Problem statement: Please return every record exactly as written, leaving out the pictures.

Web page caption snippets:
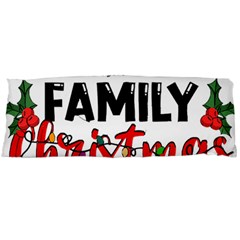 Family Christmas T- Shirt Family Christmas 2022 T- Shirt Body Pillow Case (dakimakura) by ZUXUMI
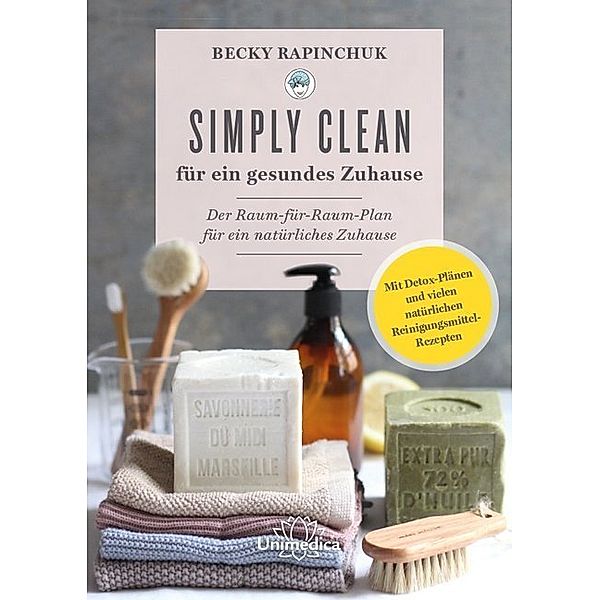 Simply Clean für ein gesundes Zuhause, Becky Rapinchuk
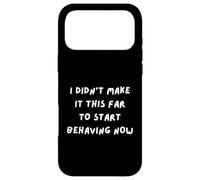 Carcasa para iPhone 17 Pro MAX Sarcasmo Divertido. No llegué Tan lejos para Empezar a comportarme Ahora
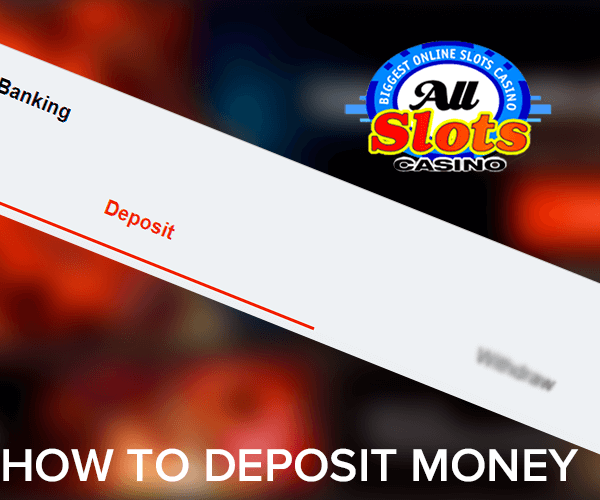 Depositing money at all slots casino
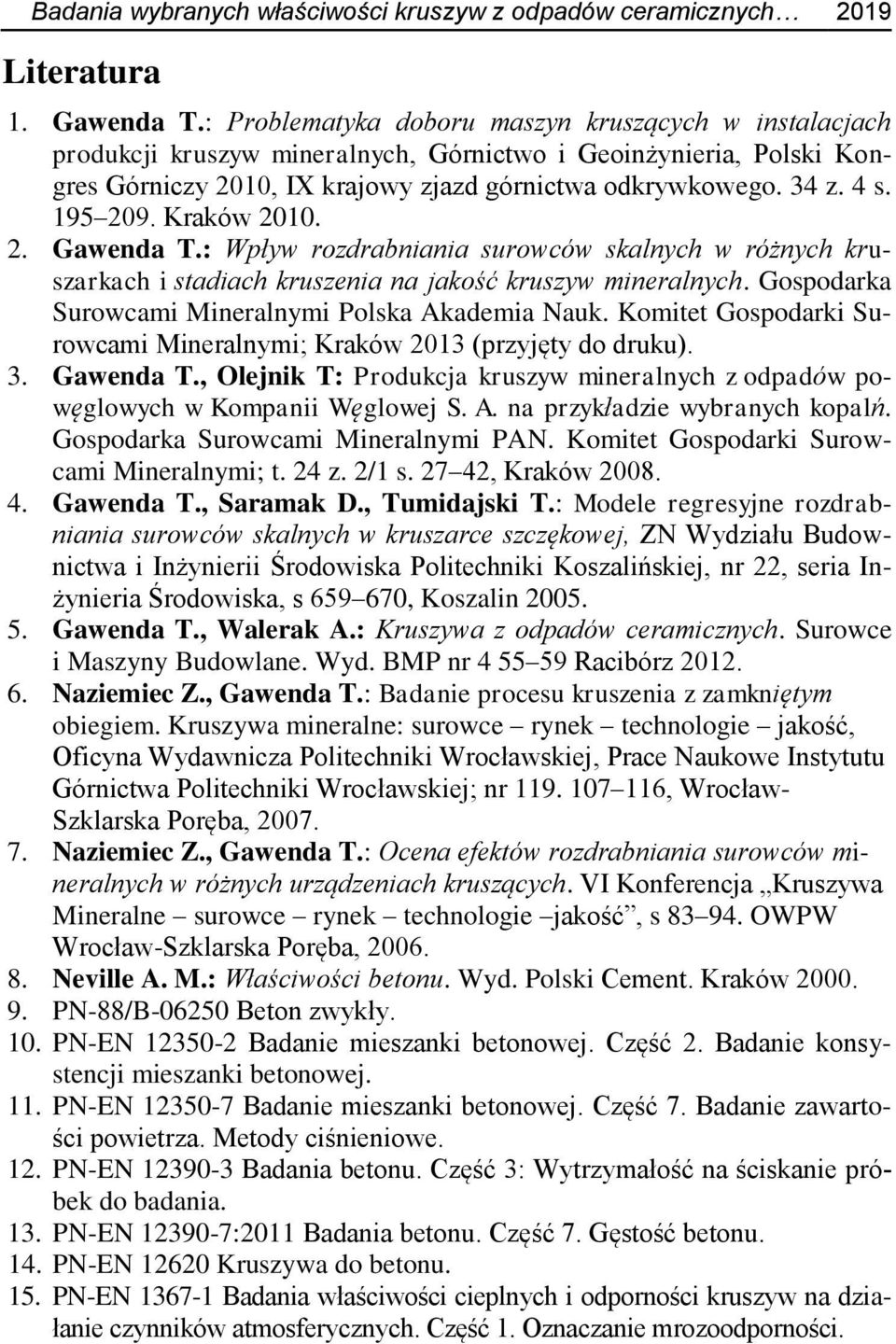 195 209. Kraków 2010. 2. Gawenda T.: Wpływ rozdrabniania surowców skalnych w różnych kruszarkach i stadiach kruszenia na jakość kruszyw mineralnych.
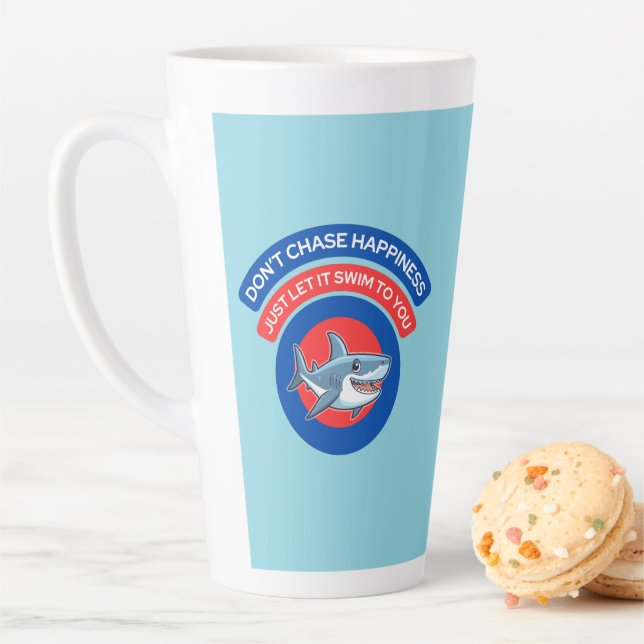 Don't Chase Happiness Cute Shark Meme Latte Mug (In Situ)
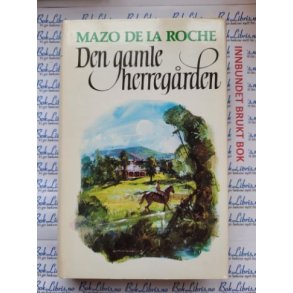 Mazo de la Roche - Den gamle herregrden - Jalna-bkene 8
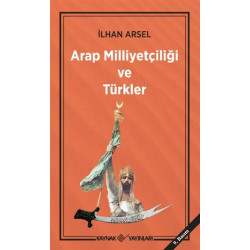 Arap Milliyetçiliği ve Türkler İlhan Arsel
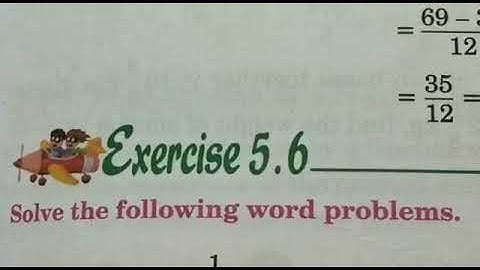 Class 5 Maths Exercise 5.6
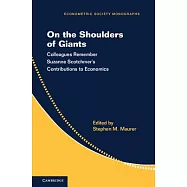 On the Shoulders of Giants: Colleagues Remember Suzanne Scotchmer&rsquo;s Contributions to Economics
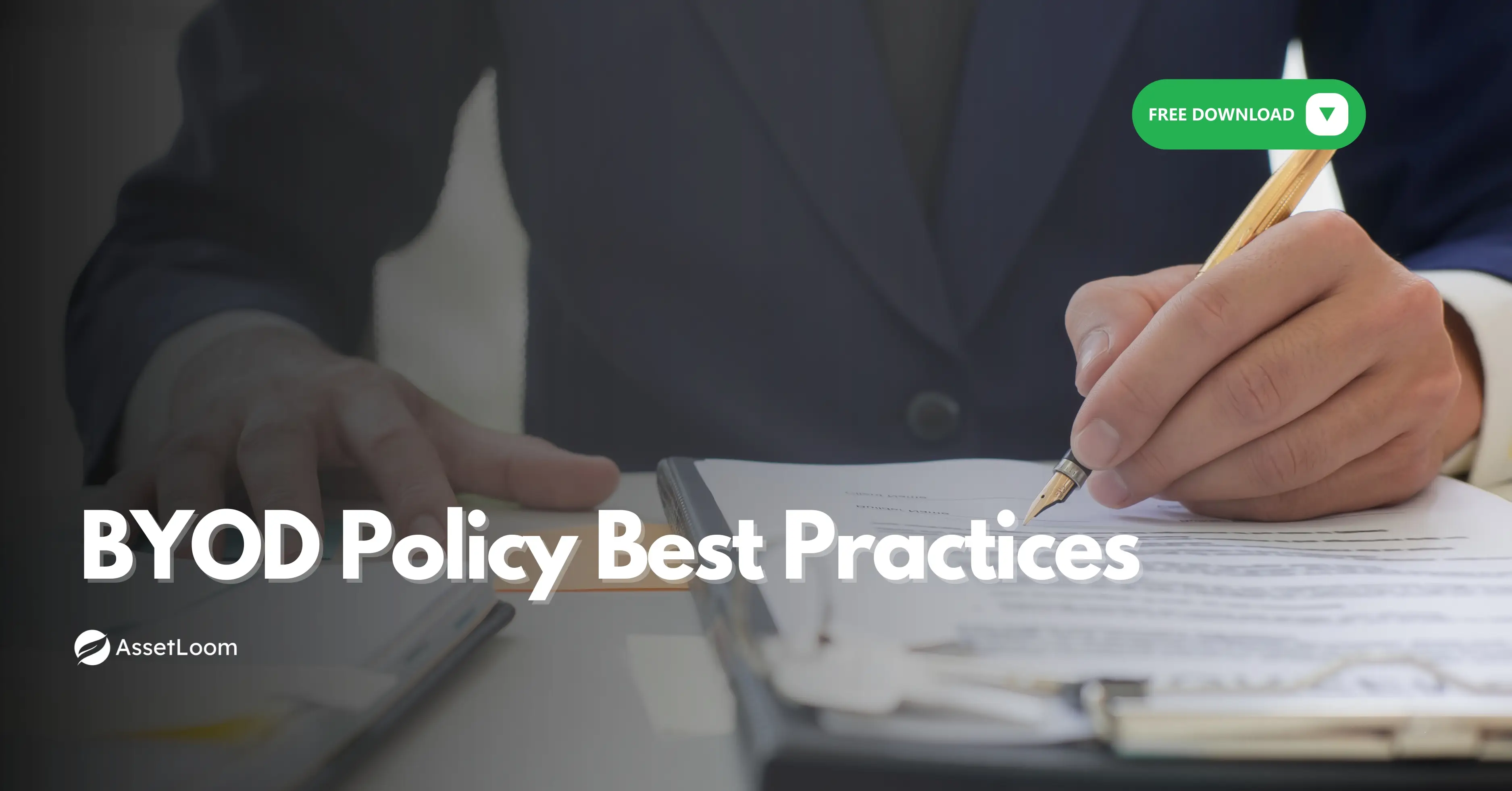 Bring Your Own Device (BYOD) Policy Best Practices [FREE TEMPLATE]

Reply to the task:
 Family Christmas T- Shirt Family Christmas 2022 T- Shirt Body Pillow Case (dakimakura) by ZUXUMI
 Simply Clean für ein gesundes Zuhause, Becky Rapinchuk
 Carcasa para iPhone 17 Pro MAX Sarcasmo Divertido. No llegué Tan lejos para Empezar a comportarme Ahora
 Depositing money at all slots casino
 195 209. Kraków 2010. 2. Gawenda T.: Wpływ rozdrabniania surowców skalnych w różnych kruszarkach i stadiach kruszenia na jakość kruszyw mineralnych.
 Don't Chase Happiness Cute Shark Meme Latte Mug (In Situ)
 Mazo de la Roche - Den gamle herregrden - Jalna-bkene 8
 Arap Milliyetçiliği ve Türkler İlhan Arsel
 Class 5 Maths Exercise 5.6
 On the Shoulders of Giants: Colleagues Remember Suzanne Scotchmer&rsquo;s Contributions to Economics
 Bring Your Own Device (BYOD) Policy Best Practices [FREE TEMPLATE]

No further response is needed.